Shtar Academy : rap made in prison !

Attention, objet unique ! Pour la première fois, des prisonniers ont pu enregistrer un album de rap en collaboration avec les meilleurs artistes français : Tunisiano, Niro, Medine, Disiz, La Fouine, Ekoué ou Orelsan entre autres sont venus rapper avec trois prisonniers, Malik, Badri et Mirak. Riffx a rencontré Mouloud Mansouri, ancien détenu, initiateur du projet et Mirak, l’un des trois membres de la Shtar Academy, fraîchement libéré.

Comment est né ce projet et est-ce la première fois en France que des prisonniers enregistrent un album ?

Mouloud Mansouri : C’est même la première fois en Europe. C’est un projet historique dans le milieu carcéral et celui du rap. J’organise des concerts en prison depuis une dizaine d’années et je voulais en proposer un à la prison de Luynes, près d’Aix en Provence. Médine, Kery James, Cut Killer et Psy4 de la rime devaient s’y produire et j’ai imaginé que des jeunes incarcérés assurent la première partie. On a fait un casting de deux cents personnes, on en a choisi soixante pour n’en garder que dix. Les critères étaient la motivation et qu’ils ne soient pas condamnés pour des crimes. Ensuite nous sommes partis sur l’idée de faire un album : Malik, Badri et Mirak ont été choisi pour composer la Shtar Academy. Le projet était sur les rails !

Comment a réagi l’administration pénitentiaire ?

Mouloud Mansouri : « On était dans une bonne dynamique avec le concert. Ils nous ont dit ok assez rapidement. C’est la fin d’enregistrement qui a été très compliquée et même aujourd’hui ce n’est pas simple : l’administration ne communique pas avec les journalistes sur ce projet car c’est une première et ils ne savent pas comment l’appréhender. »

Justement est-ce un projet artistique ou un chantier de réinsertion ?

Mirak : Les deux. Depuis ma sortie de prison, je travaille avec d’autres rappeurs, j’ai des projets, je rencontre des journalistes… S’il n’y avait pas la Shtar Academy, je serai retourné au quartier et là, je ne sais pas comment ça aurait tourné. Entrer dans le circuit professionnel de la musique aurait été impossible sans la Shtar.
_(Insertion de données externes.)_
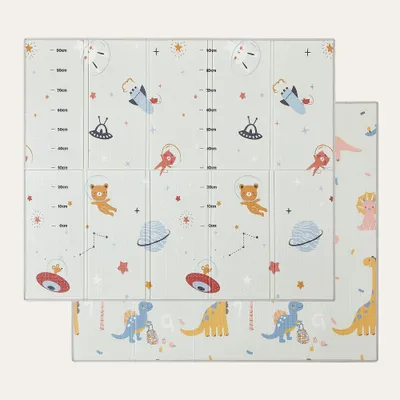 Productafbeelding van CASABEL Baby Speelmat 180×150 cm, Opvouwbaar, Waterdicht, Dik, Ruimtepatroon, Groot Formaat en Gemakkelijk Op te bergen
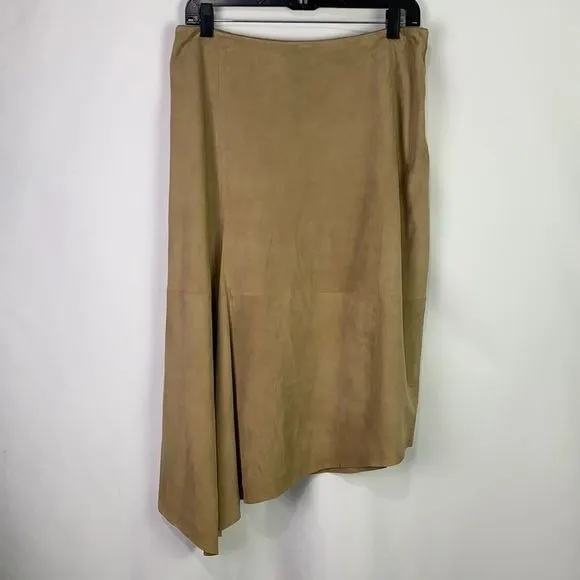 Lafayette148tan suede asymmetrical skirt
Mouloud Mansouri : Encore faut-il que le projet tienne la route ! Il ne peux pas y avoir de réinsertion sans un projet de qualité, et cet album, je le sais, est très bon. On a fait venir les meilleurs producteurs de rap français (Tony Danza, Cannibal Smith, Medeline, Blastat entre autres), des gens qui travaillent avec des artistes comme Booba, Rohff ou Diam’s. Je veux que cet album finisse aux Victoires de la musique !

L’administration a t’elle eu un droit de regard sur les textes !

Mouloud Mansouri : Au début du projet, on laissait les trois rappeurs s’exprimer totalement. Puis on leur a expliqué que l’administration jetterait un regard sur leurs textes. Il a alors été décidé de faire dire certaines choses aux artistes invités. Et au final, on a pu s’exprimer totalement.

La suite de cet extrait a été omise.